Confessions of a Recovering Racist

In June 2015, members of our church joined with Christians all over the world to lament the murders of nine precious brothers and sisters in Charleston, South Carolina.  We prayed together:

We stand with our sisters
We stand with our brothers
We stand with our families
We stand to bear their burdens in Jesus’ name

And this past week, we dedicated time to lament the ridiculous actions of white “supremacists” (a term I hate, since there is no such thing as the supremacy of any race) in Charlottesville, Virginia. Again we prayed, again we vowed to stand with our brothers and sisters.

In the wake of such tragedies, it’s easy for me to get on my high horse and rage against the evil of racism, to decry the lack of justice in the world, to insist that something be done.

But as I’ve thought deeply about the events of these days, I realize that for the most part, any raging I would do is really a cover for the real something that still needs to happen in my own heart.

~ ~ ~ ~ ~ ~

I came by my racism honestly.

I was born in Memphis, Tennessee in the 1960’s.  Memphis was well on the way to being racially integrated before I arrived on the scene, so I didn’t know that Candace, my dark-skinned friend in Miss Haywood’s first grade class, would not have been allowed in my classroom just a few years earlier.  I didn’t know that Mrs. Bell wouldn’t have been allowed to be my second-grade teacher. I didn’t know about the April 1968 shooting at the Lorraine Motel. I knew that the Safety Patrol at my school conducted riot drills along with fire drills, but I didn’t know why.

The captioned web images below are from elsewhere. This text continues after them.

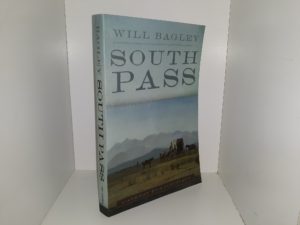 South Pass: Gateway to a Continent (Signed) (2014) ~ by Will Bagley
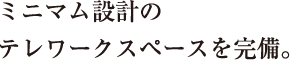 ミニマム設計のテレワークスペースを完備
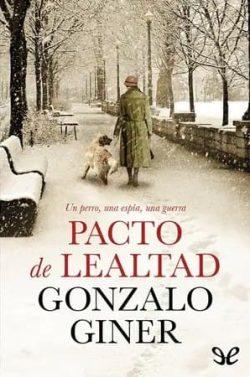 Pacto  de  lealtad  |  Gonzalo  Giner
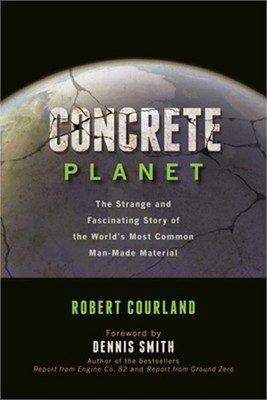 Concrete Planet: The Strange and Fascinating Story of the World's Most Common Ma
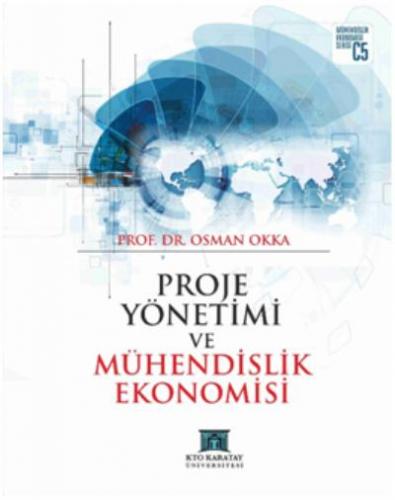 Proje Yönetimi ve Mühendislik Ekonomisi Osman Okka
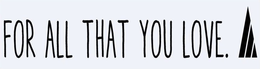FOR ALL THAT YOU LOVE. trademark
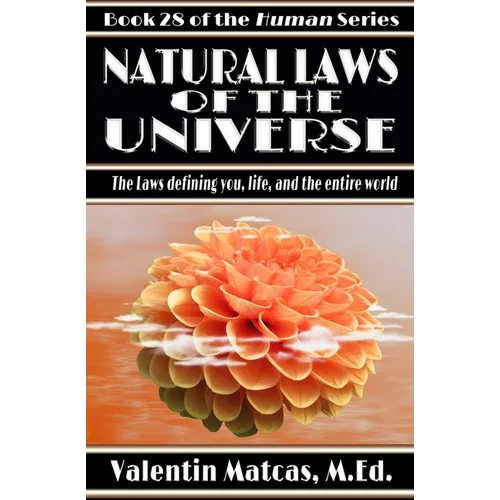 Natural Laws of the Universe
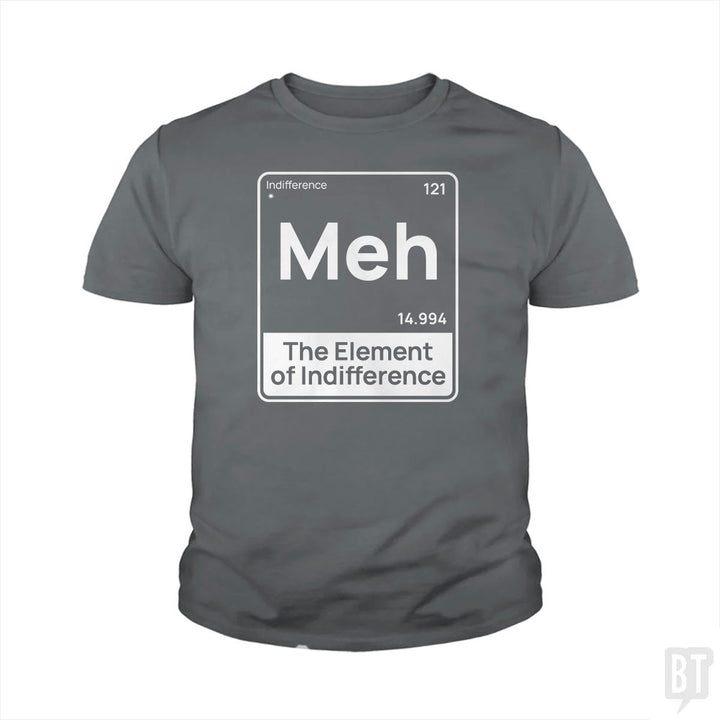 Meh The Element Kids Shirt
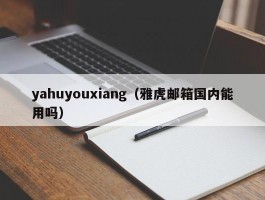 yahuyouxiang（雅虎邮箱国内能用吗）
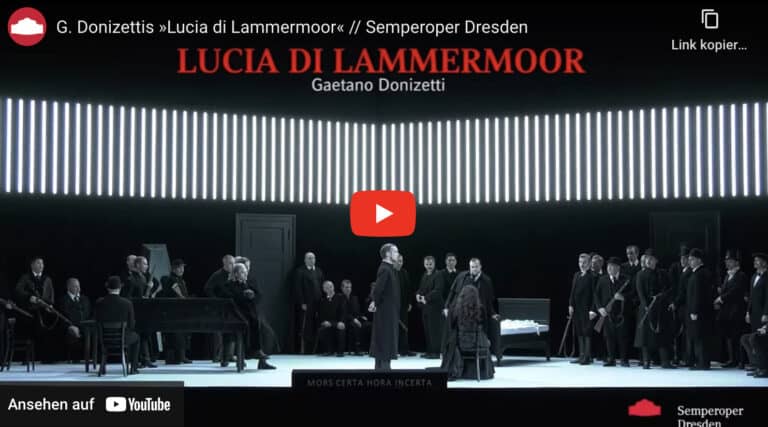 Lucia di Lammermoor in der Semperoper Dresden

My parents did know all about those issues, and when the authorities in Memphis decided to further enact school integration by busing students, they joined thousands of others in what’s now called “white flight.” We moved out to a neighboring county, well away from the jurisdiction of the Memphis City Schools.

Because, of course, my parents were law-abiding citizens. Had we stayed in Memphis, they would have complied with the law. Laws may change a person’s behavior, and sometimes that’s an important and necessary step. But they don’t change a person’s heart.

At heart, we were racists. I didn’t know it at the time, but we were. So were most of our friends and neighbors.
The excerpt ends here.